Once we have the spliterator, we can use it to construct a parallel stream and sum the contents of the segment in parallel. Since the segment operated upon by the spliterator is shared, the segment can be accessed from multiple threads concurrently. The spliterator API ensures that access occurs in a regular fashion: It creates slices from the original segment and gives each slice to a thread to perform the desired computation, thus ensuring that no two threads can ever operate concurrently on the same memory region.

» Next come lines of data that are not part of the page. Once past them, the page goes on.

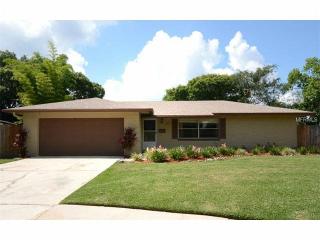754 Woodside Rd, Maitland, FL 32751-5132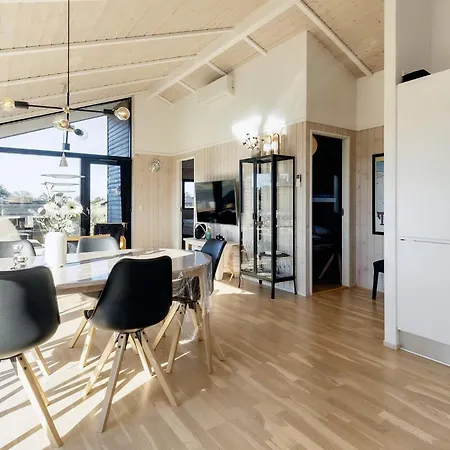 Holiday Home Hirtshals بيت للعطل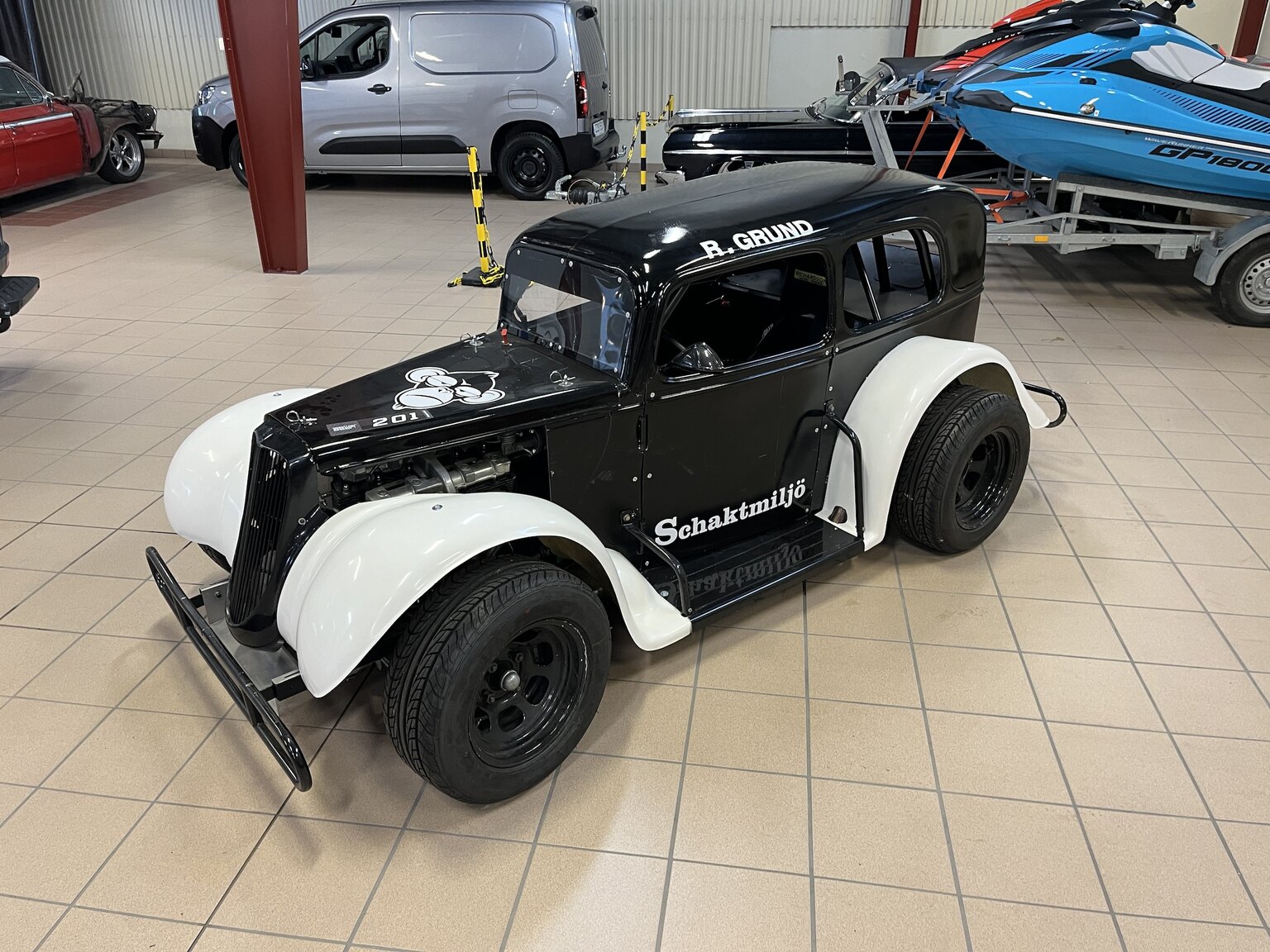 Exteriörbild på Legend Cars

Shared segments can also be useful to perform serial confinement in cases where the thread handing off the segment does not know which other thread will continue the work on the segment, for instance:
// thread A
MemorySegment segment = MemorySegment.allocateNative(10); // confined by thread A
// do some work
segment = segment.withOwnerThread(null);
// thread B
segment.withOwnerThread(Thread.currentThread()); // now confined by thread B
// do some more work
Multiple threads can race to acquire a given shared segment, but the API ensures that only one of them will succeed in acquiring ownership of the shared segment.
Implicit deallocation
Memory segments feature deterministic deallocation but they can also be registered with a Cleaner
to make sure that the memory resources associated with a segment are released when the garbage collector determines that the segment is no longer reachable:
MemorySegment segment = MemorySegment.allocateNative(100);
Cleaner cleaner = Cleaner.create();
segment.registerCleaner(cleaner);
// do some work
segment = null; // Cleaner might reclaim the segment memory now
Registering a segment with a cleaner does not prevent clients from calling MemorySegment::close
explicitly. The API guarantees that the segment's cleanup action will be called at most once — either explicitly (by client code), or implicitly (by a cleaner). Since an unreachable segment cannot (by definition) be accessed by any thread, the cleaner can always release any memory resources associated with an unreachable segment regardless of whether it is a confined segment or a shared segment.
Alternatives
Keep using existing APIs such as java.nio.ByteBuffer
or sun.misc.Unsafe
or, worse, JNI.
Risks and Assumptions
Creating an API to access foreign memory in a way that is both safe and efficient is a daunting task. Since the spatial and temporal checks described in the previous sections need to be performed upon every access, it is crucial that JIT compilers be able to optimize away these checks by, e.g., hoisting them outside of hot loops. The JIT implementations will likely require some work to ensure that uses of the API are as efficient and optimizable as uses of existing APIs such as ByteBuffer
and Unsafe
.
Dependencies
The API described in this JEP will help the development of the native interoperation support that is a goal of Project Panama. This API can also be used to access non-volatile memory, already possible via JEP 352 (Non-Volatile Mapped Byte Buffers), in a more general and efficient way.